- **Data for this exercise**
◇ ◇ ◇ ◇ ◇
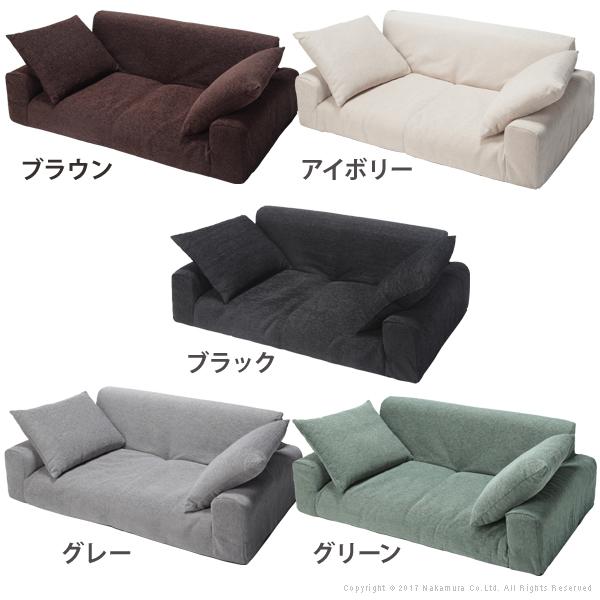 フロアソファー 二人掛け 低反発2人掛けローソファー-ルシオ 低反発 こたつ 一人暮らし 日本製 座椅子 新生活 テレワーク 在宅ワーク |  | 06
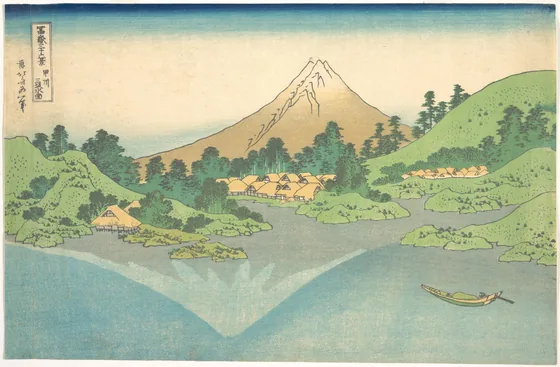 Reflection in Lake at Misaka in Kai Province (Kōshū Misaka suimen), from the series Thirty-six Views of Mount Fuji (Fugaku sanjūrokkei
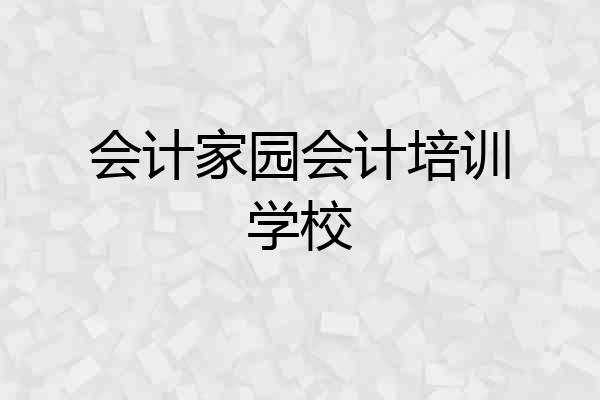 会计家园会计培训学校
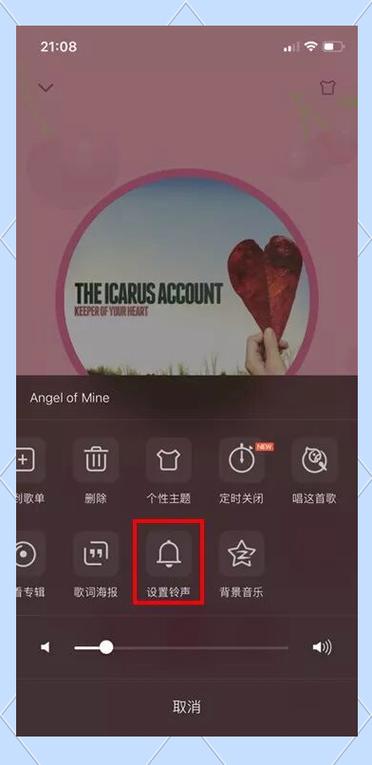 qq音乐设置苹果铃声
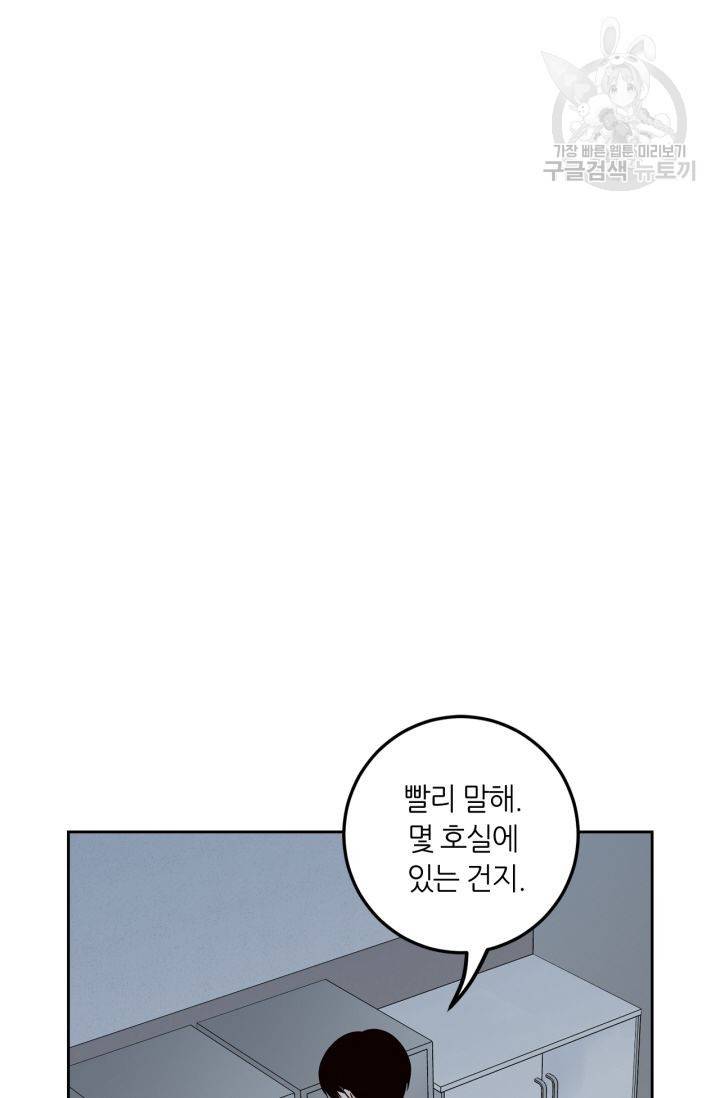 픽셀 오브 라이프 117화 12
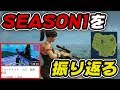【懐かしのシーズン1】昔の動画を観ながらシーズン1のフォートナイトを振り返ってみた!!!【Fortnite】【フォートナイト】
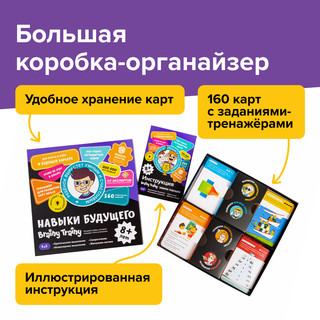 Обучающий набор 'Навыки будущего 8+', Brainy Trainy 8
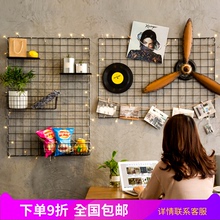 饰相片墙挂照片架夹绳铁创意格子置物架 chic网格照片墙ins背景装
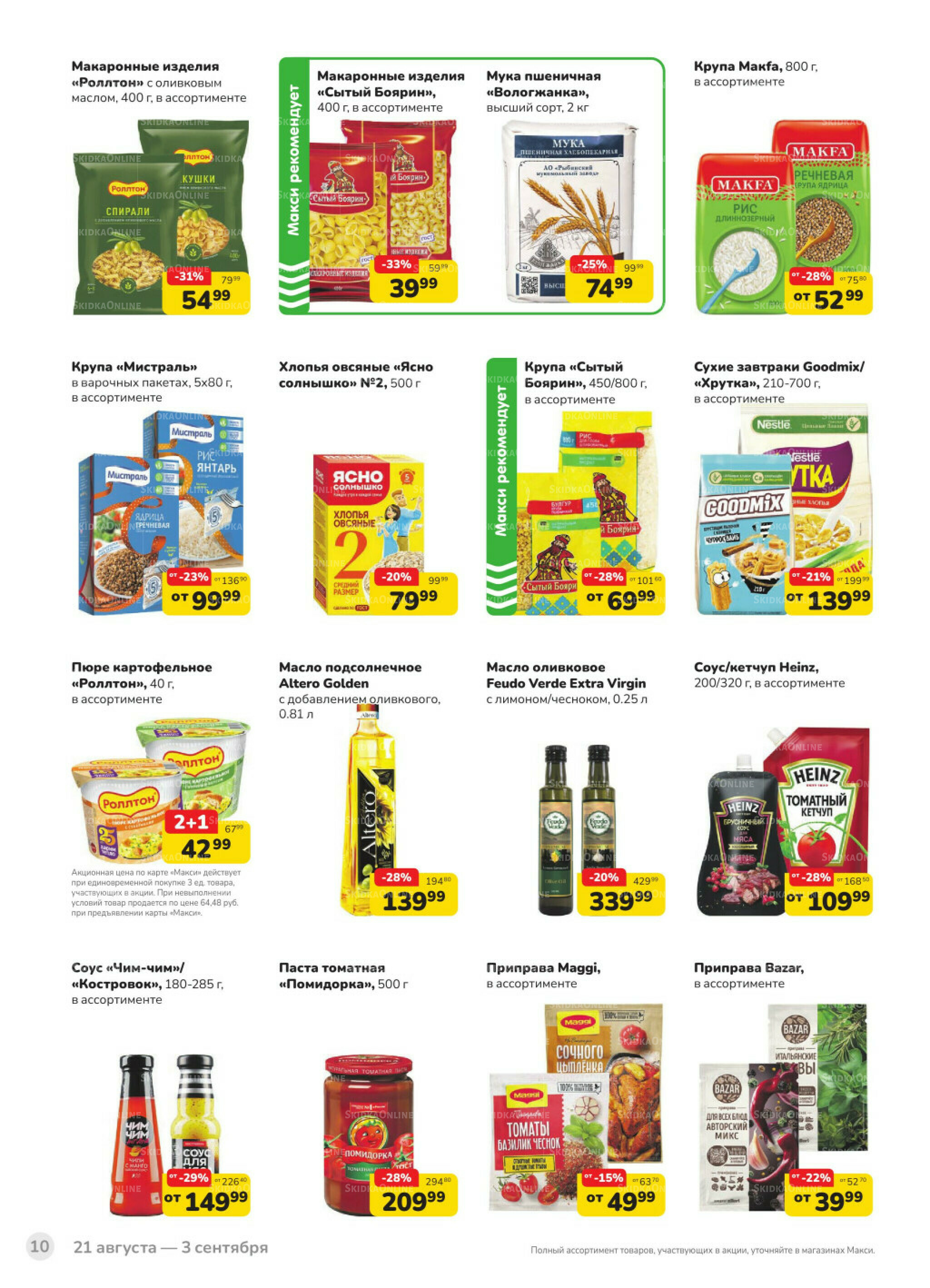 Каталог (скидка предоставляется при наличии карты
◇ ◇ ◇ ◇ ◇
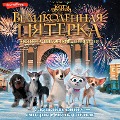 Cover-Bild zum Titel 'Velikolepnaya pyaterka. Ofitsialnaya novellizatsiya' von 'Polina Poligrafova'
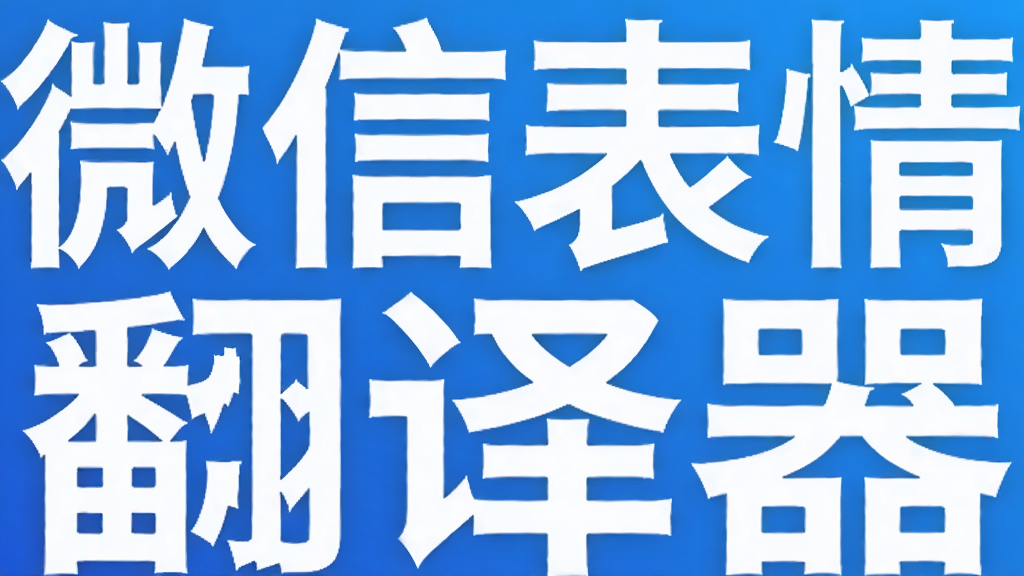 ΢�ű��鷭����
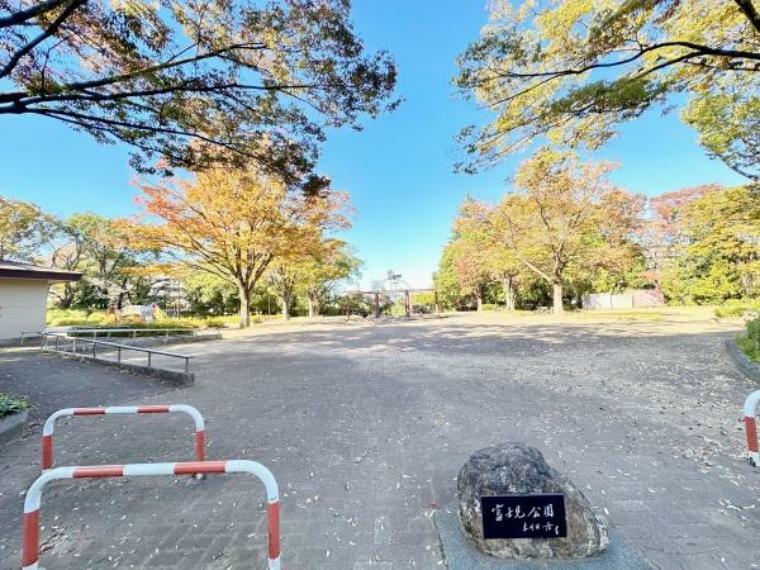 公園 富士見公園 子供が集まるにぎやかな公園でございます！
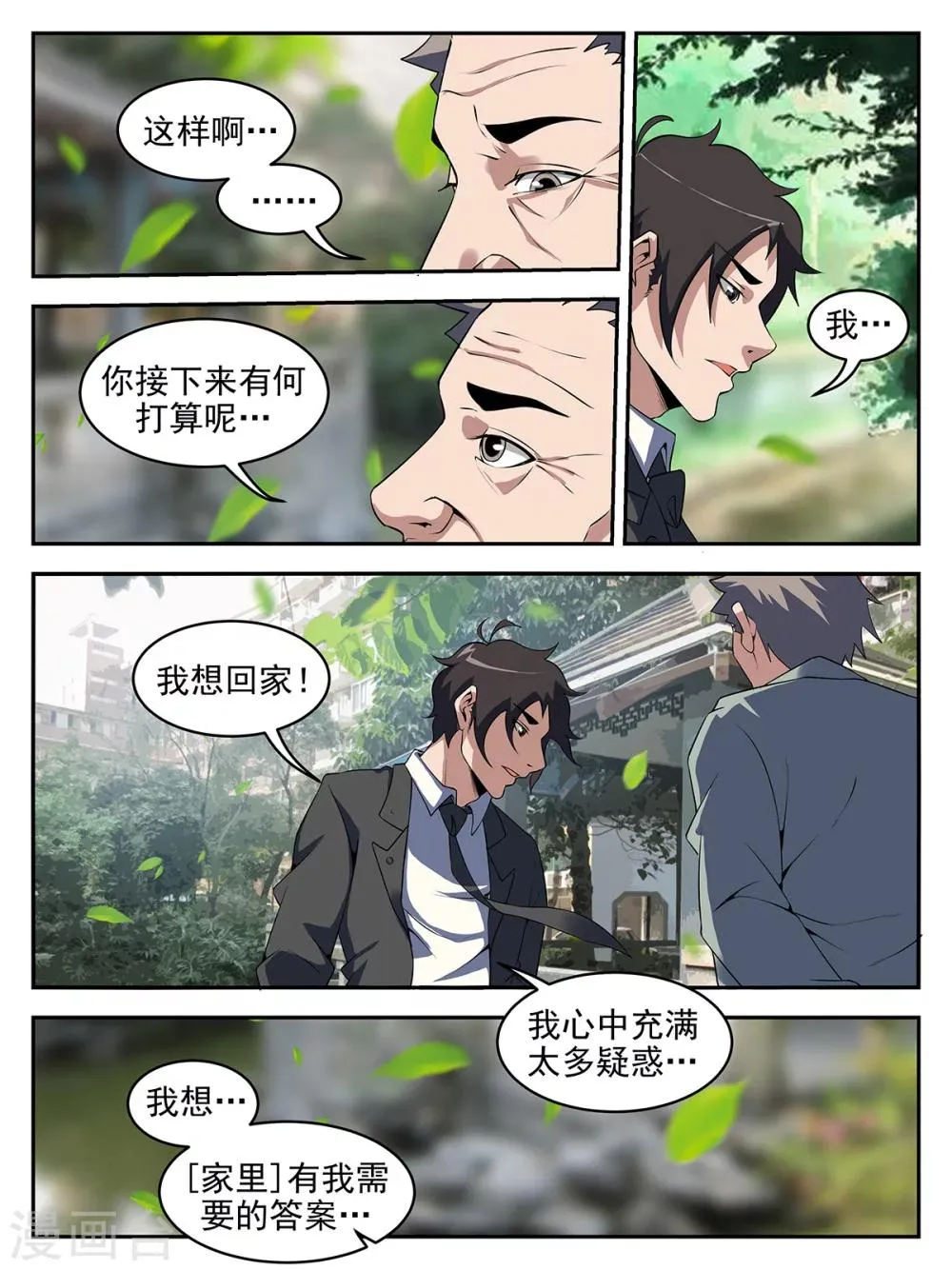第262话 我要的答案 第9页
◇ ◇ ◇ ◇ ◇
- **Exercise brief**
From the material above, give again exactly the lines from the one that contains "픽셀 오브 라이프 117화 12" through the one that contains "Каталог (скидка предоставляется", and leave out the pictures.

- **Response box**
 픽셀 오브 라이프 117화 12
【懐かしのシーズン1】昔の動画を観ながらシーズン1のフォートナイトを振り返ってみた!!!【Fortnite】【フォートナイト】
 Обучающий набор 'Навыки будущего 8+', Brainy Trainy 8
 饰相片墙挂照片架夹绳铁创意格子置物架 chic网格照片墙ins背景装
 Каталог (скидка предоставляется при наличии карты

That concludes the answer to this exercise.